What is being asked: Transcribe, starting at the line with "AD Anti Slip" and ending at the line with "Moments Eternal Spring Stud Earrings", every line of the material below exactly, but leave out the pictures and anything outside that span.

Supplied records:

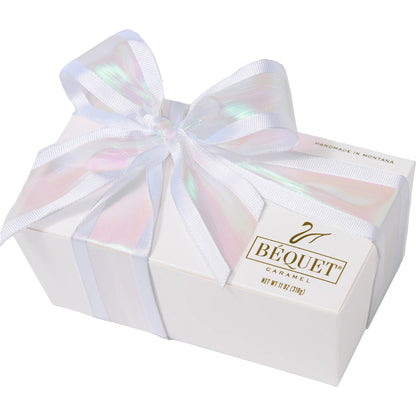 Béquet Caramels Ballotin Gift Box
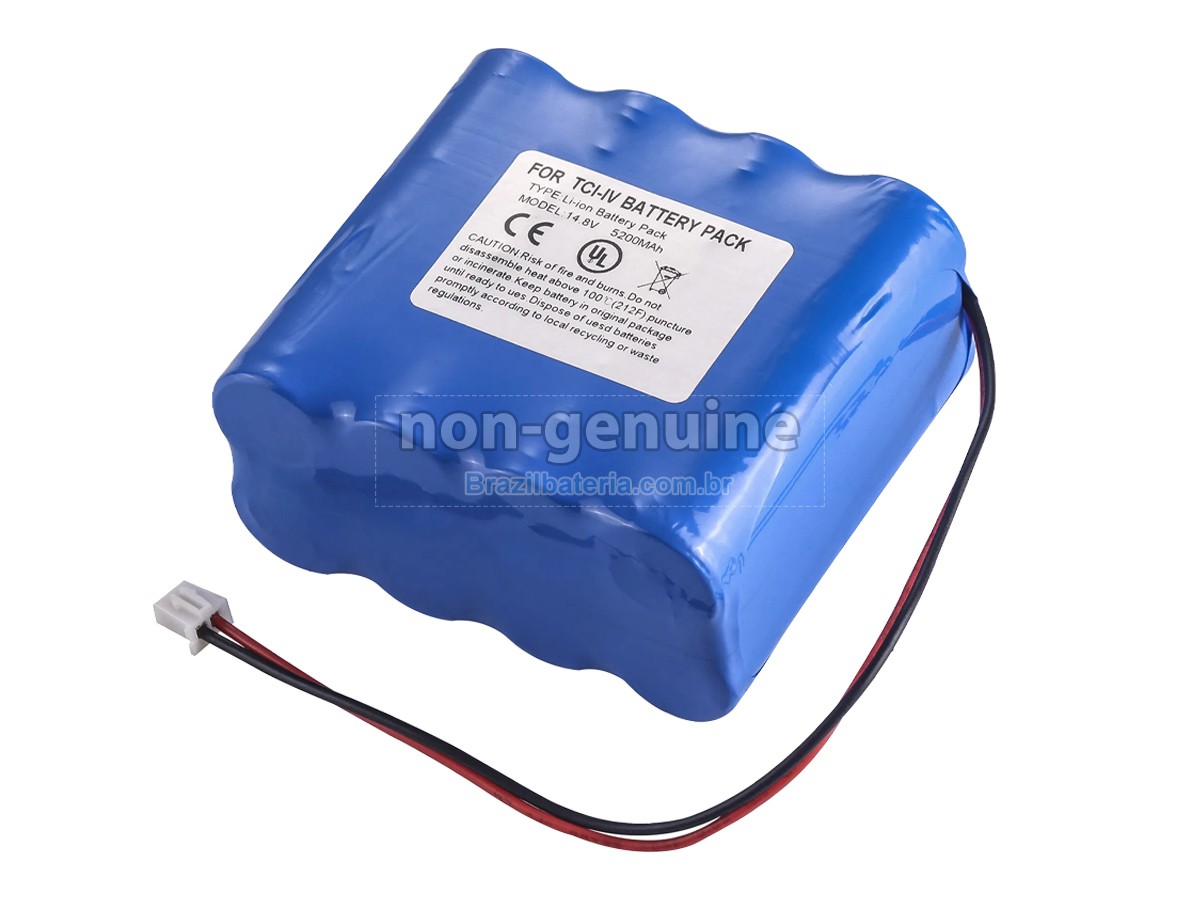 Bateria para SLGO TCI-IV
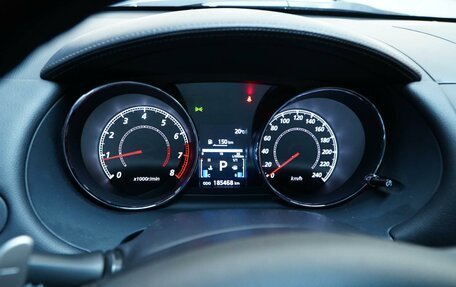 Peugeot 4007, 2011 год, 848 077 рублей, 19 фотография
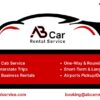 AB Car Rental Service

---

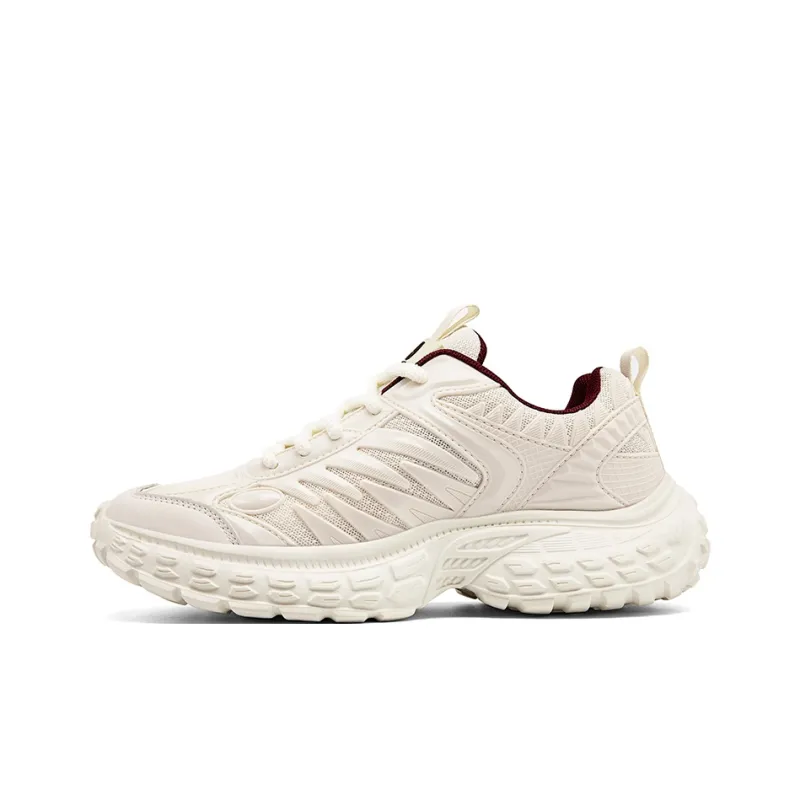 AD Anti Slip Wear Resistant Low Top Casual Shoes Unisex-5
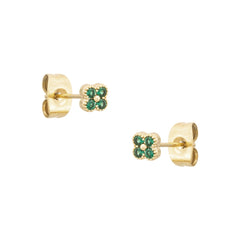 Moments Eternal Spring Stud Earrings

Solution:
 AD Anti Slip Wear Resistant Low Top Casual Shoes Unisex-5
 Moments Eternal Spring Stud Earrings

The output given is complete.